The Warning on the Walls

An old Chinese proverb says, "Where there is an excess of ceremony, there is sure to be deceit."

In Red China last week, Ceylon's visiting Prime Minister, Mrs. Sirimavo Bandaranaike, sniffed incense, was wined and dined by Premier Chou Enlai, and was even taken to see a relic of Buddha's tooth. Reason for the indulgent treatment was the set of proposals that Mrs. Bandaranaike brought to Peking as spokesman for the six nonaligned nations—Ghana, Egypt, Indonesia, Burma, Cambodia and Ceylon—who met in Colombo last month and took it upon themselves to arbitrate the bloody Himalayan border dispute between China and India. The neutrals' solution delighted the Chinese, for it set up a demilitarized zone along the Himalayan frontier and actually gave Red China more territory in India than it had occupied before its sudden invasion last October.

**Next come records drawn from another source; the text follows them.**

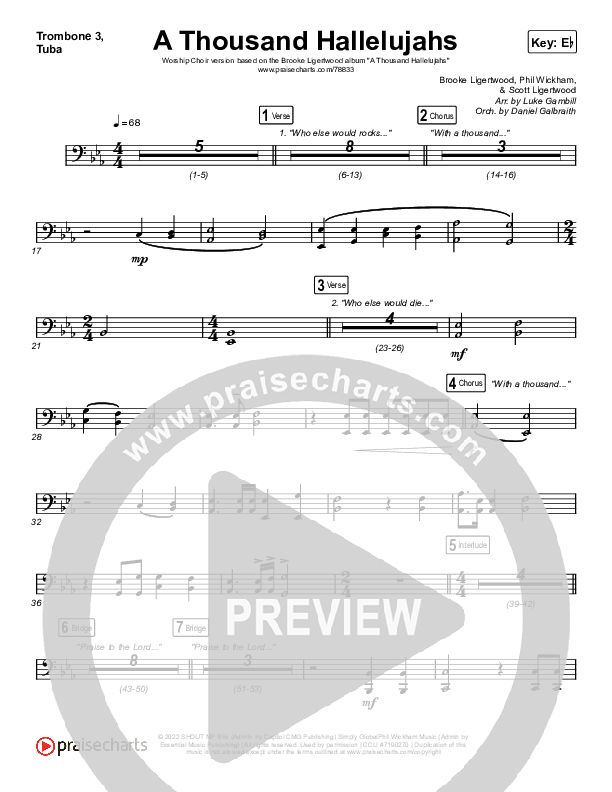 A Thousand Hallelujahs (Worship Choir SAB) Trombone 3/Tuba (Brooke Ligertwood / Arr. Luke Gambill)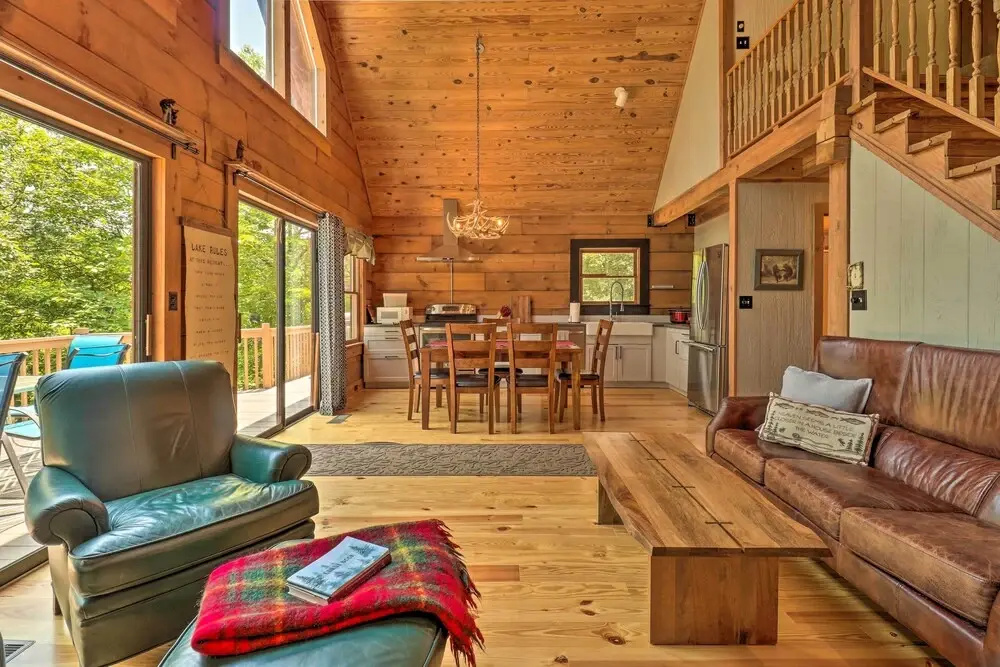 photo 1 of Deck + Game Room: Lakefront Landrum Cabin!
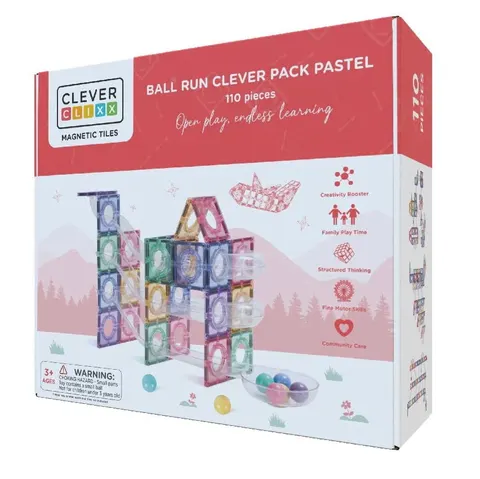 Cleverclixx Klocki magnetyczne kulodrom Ball Run Clever Pack 110 el.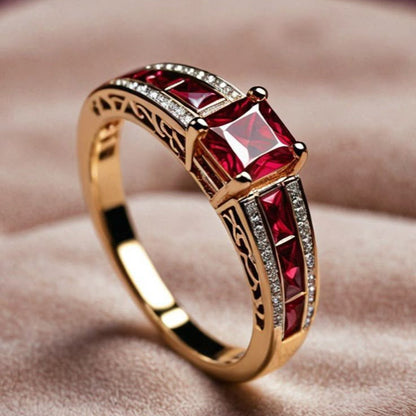 Exotic Gold & Red Crystal Ring
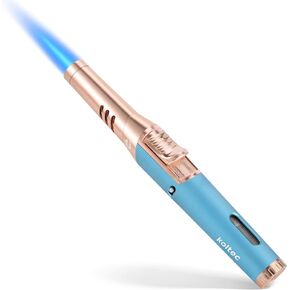 ولاعة شعلة KOLTEC، ولاعة بوتان قابلة للتدوير وقابلة لإعادة الملء ولهب نفاث قابل لإعادة الملء مع قفل نار ونافذة غاز مرئية مقاومة للرياح للشواء والشواء والتخييم (البوتان غير متضمن) (أزرق) in Kuwait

Expecting at least a token condemnation of Chinese aggression from its old neutralist cronies, India was, to say the least, disappointed. In New Delhi, Prime Minister Jawaharlal Nehru received Mrs. Bandaranaike coolly after her ten-day sojourn in China, but did not reject her proposals outright. Nehru still hopes to gain time to build up his shattered armed forces. Too much delay, however, could try China's patience; still scratched on many buildings in the Himalayas is the ominous warning left by Chinese troops as they withdrew after last month's ceasefire: "We may have to return."